City attorney Dave Olsen to confer with city council before pursuing state Supreme Court appeal

A Clark County District Court judge sanctioned Boulder City on Friday for suing a group of citizens over a ballot question, saying that a lawsuit was not the appropriate means to question the ballot measure's legality.

Judge Susan Scrann ordered the city to pay $10,000 in attorney fees plus $925 in court fees on behalf of the five citizens named in the lawsuit. City Attorney Dave Olsen argued that the ordinance, which limited terms for appointed city committee members, infringed on the city council’s right to make administrative decisions.

The question, which was on the November ballot, was approved by voters.

Scrann also ruled that the lawsuit be consolidated with another case over a separate ballot question also passed in November that called for a special election if the city planned to go into debt $1 million or more.

Boulder City should have pursued another avenue, called judicial confirmation law, or Chapter 43 in the Nevada Revised Statutes, Scrann said. Under Chapter 43, the city could have asked for a ruling on the ordinances’ legality without naming citizens as defendants in a lawsuit.

Scrann also said she believed the city was “forum shopping” by filing separate lawsuits that addressed the same issue -- whether the ordinances were administrative or legislative in nature -- to get different rulings from different judges.

Scrann stayed her order to give Boulder City 30 days to appeal her decision to the Supreme Court.

Olsen said he would ask the city council for approval before proceeding with an appeal.

What happens next is “new ground for all of us,” attorney Paul Larsen, who is representing the city on behalf of Olsen, told the Sun after the hearing. Larsen is a lawyer with the law firm Lionel, Sawyer and Collins, which has been paid more than $130,000 to pursue the cases.

Scrann’s ruling stemmed from a motion to dismiss filed by Tracy and Linda Strickland, attorneys for the defendants. The Stricklands had cited anti-SLAPP (strategic lawsuit against public participation) statutes.

The judge denied their motion, but then ordered Boulder City to “show cause” that it had not harassed the citizens by naming them as defendants instead of pursuing the Chapter 43 avenue. Scrann decided Friday that the city had not justified its actions.

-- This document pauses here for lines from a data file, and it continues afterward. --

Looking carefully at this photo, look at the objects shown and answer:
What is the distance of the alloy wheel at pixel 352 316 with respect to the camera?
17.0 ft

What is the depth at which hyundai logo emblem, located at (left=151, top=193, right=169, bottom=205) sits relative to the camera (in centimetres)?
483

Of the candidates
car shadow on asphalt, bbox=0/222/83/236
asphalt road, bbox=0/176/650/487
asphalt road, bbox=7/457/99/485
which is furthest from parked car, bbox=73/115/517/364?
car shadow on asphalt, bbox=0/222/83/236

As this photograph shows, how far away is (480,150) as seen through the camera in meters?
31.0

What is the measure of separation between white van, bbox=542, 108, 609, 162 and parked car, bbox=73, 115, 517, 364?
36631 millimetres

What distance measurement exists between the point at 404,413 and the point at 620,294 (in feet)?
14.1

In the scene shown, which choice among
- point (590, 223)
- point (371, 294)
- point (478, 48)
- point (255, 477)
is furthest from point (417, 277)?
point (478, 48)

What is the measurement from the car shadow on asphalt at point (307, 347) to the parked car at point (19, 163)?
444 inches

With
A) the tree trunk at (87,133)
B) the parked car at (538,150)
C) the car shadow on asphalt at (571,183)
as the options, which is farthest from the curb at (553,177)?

Separately, the Stricklands filed an anti-SLAPP motion to dismiss in the debt case, which was denied by Judge Jerome Tao in January.

At Tao’s suggestion, though, the Stricklands appealed his ruling to the Nevada Supreme Court.

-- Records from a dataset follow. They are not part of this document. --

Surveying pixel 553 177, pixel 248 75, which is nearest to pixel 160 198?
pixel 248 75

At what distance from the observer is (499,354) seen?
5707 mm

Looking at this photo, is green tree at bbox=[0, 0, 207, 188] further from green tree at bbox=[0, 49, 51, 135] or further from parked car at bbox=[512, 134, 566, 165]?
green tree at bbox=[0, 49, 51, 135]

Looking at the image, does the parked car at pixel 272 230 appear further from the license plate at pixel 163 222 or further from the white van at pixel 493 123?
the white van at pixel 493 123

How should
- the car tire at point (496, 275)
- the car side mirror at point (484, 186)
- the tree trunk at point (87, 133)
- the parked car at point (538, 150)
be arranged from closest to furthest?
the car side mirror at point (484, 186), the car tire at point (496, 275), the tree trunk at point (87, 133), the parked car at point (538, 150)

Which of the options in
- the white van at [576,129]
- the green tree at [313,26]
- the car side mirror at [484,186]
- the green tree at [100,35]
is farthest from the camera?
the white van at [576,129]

The Supreme Court has asked the Stricklands to prove that the court has jurisdiction to hear an appeal on Tao’s ruling, as it was not a final judgment. Final judgments are usually issued before a case is appealed to the Supreme Court. They filed that brief on Friday, Tracy Strickland said.

The question still remains whether the ordinances were administrative or legislative in nature, Scrann said, which was her reasoning for consolidating the cases.

If the Supreme Court rules that it does have jurisdiction, then the state’s highest court would hear the appeals for both the term-limit and debt lawsuits at the same time. If the Supreme Court rules it does not have jurisdiction, then the cases would come back to the district court, most likely in Tao’s courtroom, for a ruling on the administrative versus legislative issue.

Scrann also ordered the city to dismiss any of the petitioners who ask to be dismissed from the lawsuit.

The debt question passed with 58 percent of the vote in November; the term-limit question passed with 60 percent.